ALLOW FILTERING explained

By Benjamin Lerer -  December 15, 2014 | 20 Comments

While discussing with people at the London C* Summit, I realized that it was not always clear for them why Cassandra requires ALLOW FILTERING for some CQL queries and not for some others.

Why ALLOW FILTERING?

Let’s take for example the following table:

CREATE TABLE blogs (blogId int, 
                    time1 int, 
                    time2 int, 
                    author text, 
                    content text, 
                    PRIMARY KEY(blogId, time1, time2));

If you execute the following query:

SELECT * FROM blogs;

Cassandra will return you all the data that the table blogs contains.

If you now want only the data at a specified time1, you will naturally add an equal condition on the column time1:

SELECT * FROM blogs WHERE time1 = 1418306451235;

In response, you will receive the following error message:

Bad Request: Cannot execute this query as it might involve data filtering and thus may have unpredictable performance. If you want to execute this query despite the performance unpredictability, use ALLOW FILTERING.

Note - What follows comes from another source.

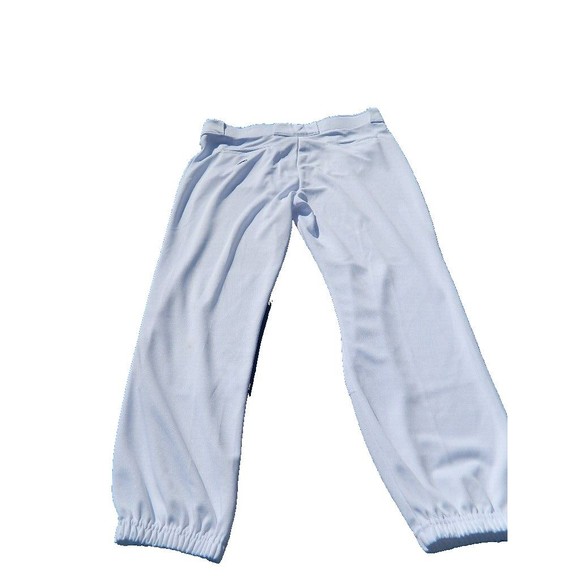 Rawlings Baseball Pants Men's XL White Elastic Bottom NWT - Picture 2 of 12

Cassandra knows that it might not be able to execute the query in an efficient way. It is therefore warning you: “Be careful. Executing this query as such might not be a good idea as it can use a lot of your computing resources”.

The only way Cassandra can execute this query is by retrieving all the rows from the table blogs and then by filtering out the ones which do not have the requested value for the time1 column.

If your table contains for example a 1 million rows and 95% of them have the requested value for the time1 column, the query will still be relatively efficient and you should use ALLOW FILTERING.

On the other hand, if your table contains 1 million rows and only 2 rows contain the requested value for the time1 column, your query is extremely inefficient. Cassandra will load 999, 998 rows for nothing. If the query is often used, it is probably better to add an index on the time1 column.

Unfortunately, Cassandra has no way to differentiate between the 2 cases above as they are depending on the data distribution of the table.  Cassandra is therefore warning you and relying on you to make the good choice.

Secondary indices and ALLOW FILTERING

If we add an index on the author column and execute the following query:

SELECT * FROM blogs WHERE author = ‘Jonathan Ellis’;

Cassandra will return all the blogs that have been written by Jonathan and will not request ALLOW FILTERING. This is due to the fact that Cassandra can use the secondary index on the author column to find the matching rows and does not need to perform any filtering.

But if we execute the following one:

SELECT * FROM blogs WHERE author=’Jonathan Ellis’ and time2 = 1418306451235;

Cassandra will request ALLOW FILTERING as it will have to first find and load the rows containing Jonathan as author, and then to filter out the ones which do not have a time2 column equal to the specified value.

Adding an index on time2 might improve the query performance. Cassandra will then use the index with the highest selectivity to find the rows that need to be loaded. It will however not change anything regarding the need for ALLOW FILTERING, as it will still have to filter the loaded rows using the remaining predicate.

Making the right choice

When your query is rejected by Cassandra because it needs filtering, you should resist the urge to just add ALLOW FILTERING to it. You should think about your data, your model and what you are trying to do.

You always have multiple options. You can change your data model, add an index, use another table or use ALLOW FILTERING.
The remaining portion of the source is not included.